Aaron Rodgers feels bad for Johnny Manziel
AUG 15, 2013 10:34p ET
Media pundits and professional athletes alike have spoken up in support of the reigning Heisman Trophy winner. And now, Green Bay Packers quarterback Aaron Rodgers put in his 2 cents.
Speaking to SI.com's Peter King, Rodgers admitted he felt sorry for Manziel.
"I feel bad for Johnny Manziel. I mean, he's made some decisions … I just think, he's a 20-year-old kid, and I wish he could just live like a 20-year-old."
Though Rodgers didn't give an opinion on whether it is wrong or right that Manziel allegedly took money for autographs or his opinions on the NCAA, he did speak about the general scrutiny that has followed Manziel over the past year.
"Ten years ago, when I was in college, nobody was following anyone around," he said. "I could walk around campus [at Cal] and no one knew who I was. No Twitter. Facebook was just starting. I didn't even know what my Berkeley.edu address was. I couldn't get a Facebook page. So that's how things have changed. I don't do Instagram. I don't want people to know where I am."
Rodgers also revealed that he sympathized with Manziel from his own personal experiences as one of the NFL's most recognized players. He touched on the scrutiny he faces just walking down the street.
"I love our game, but to me, there's too much access," he continued. "It's way over the top. From the camera in the locker room, from the center being miked, to all the attention … Everybody's watching. Everybody's listening. And social media: If I'm out, more than likely, there's going to be a camera on me, and a picture or video's going to show up somewhere."

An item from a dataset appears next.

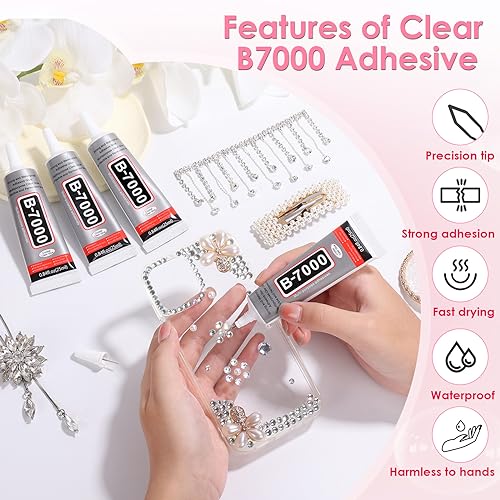B-7000 Jewelry Glue Clear, 4 PCS 25ML Rhinestone Adhesive with Precision Tip for Paper Crafts, Card Making, Jewelry Stone, Metal, Nail Art, All Purpose - style: 4 x 25ml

Rodgers joined the ranks of NFL stars speaking out on the autograph saga. Minnesota Vikings running back Adrian Peterson went on record that amateur athletes should be able to profit from their own name. And although Dallas Cowboys wide receiver Dez Bryant blasted the NCAA's handling of these type of situations, he said he didn't want Manziel to get suspended but would be "mad" if Manziel wasn't punished due to his own suspension at the end of his collegiate career.